MCLC: Bringing Wolf Totem to screen (2,3)

MCLC LIST denton.2 at osu.edu
Thu Feb 26 10:05:58 EST 2015


MCLC LIST
Bringing Wolf Totem to screen (2,3)
Re Kristin Stapleton’s question about Jo Lusby’s claim: “There has without question been no one single novel in China with as great of an impact before or since ‘Wolf Totem.”’ (NYT) I take it as marketing hyperbole. If Ms. Lusby were correct, then we’d have reason to be worried. The original Chinese novel, which is much longer than and very different from the English translation, propagates a warmed-over social Darwinian ideology, which I critique in my book The Stranger and the Chinese Moral Imagination (Stanford UP, 2014).

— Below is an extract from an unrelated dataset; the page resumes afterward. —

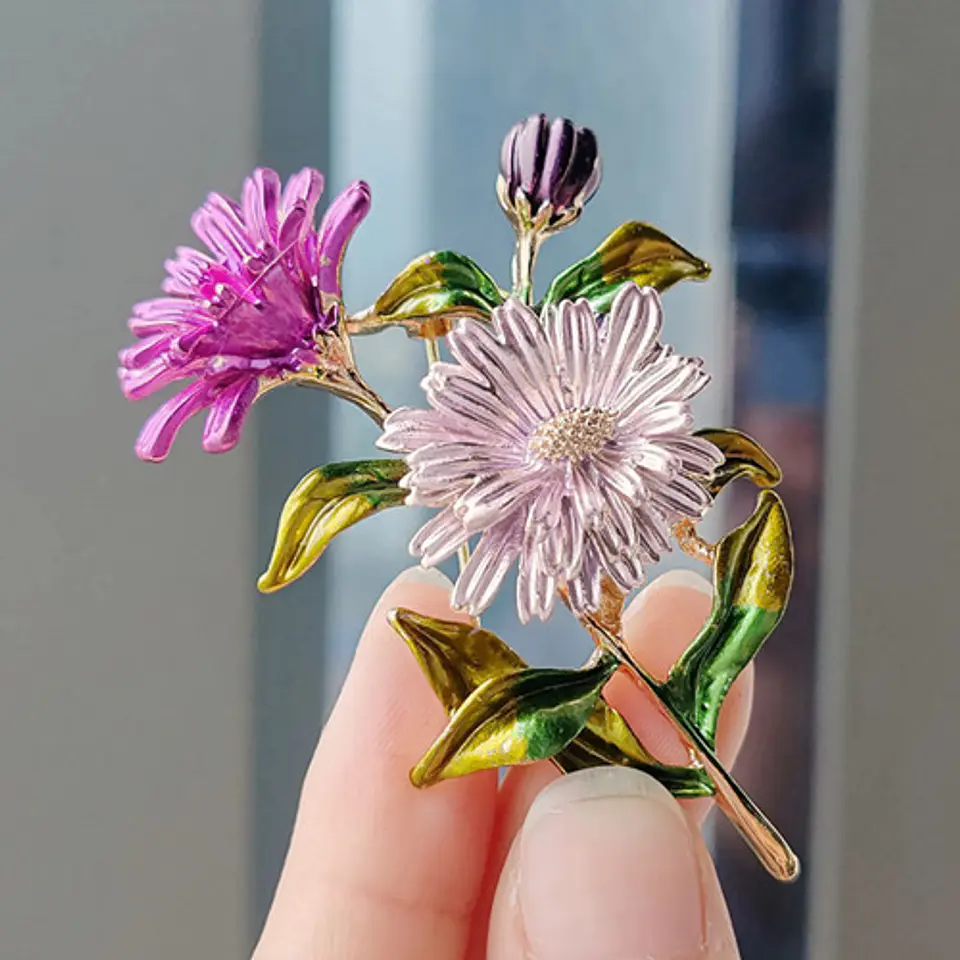 Broche De Alfiler Para Mujeres Floral Esmaltada Margarita 2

I see nothing remarkable about the novel passing censorship. Even as it laments the environmental destructions, it loudly trumpets the developmentalist logic of the state: be strong (like wolves) or be eaten (like sheep). As in 落后就要挨打.
Haiyan Lee haiyan at stanford.edu
———————
Wasn’t Ba Jin’s work marketed (and marketable) in the period it was written? The list of “influential” novels written in Chinese is indeed breathtaking. Even in Ba Jin’s time. Hype is distracting, but it’s a part of a game played by Literature as well.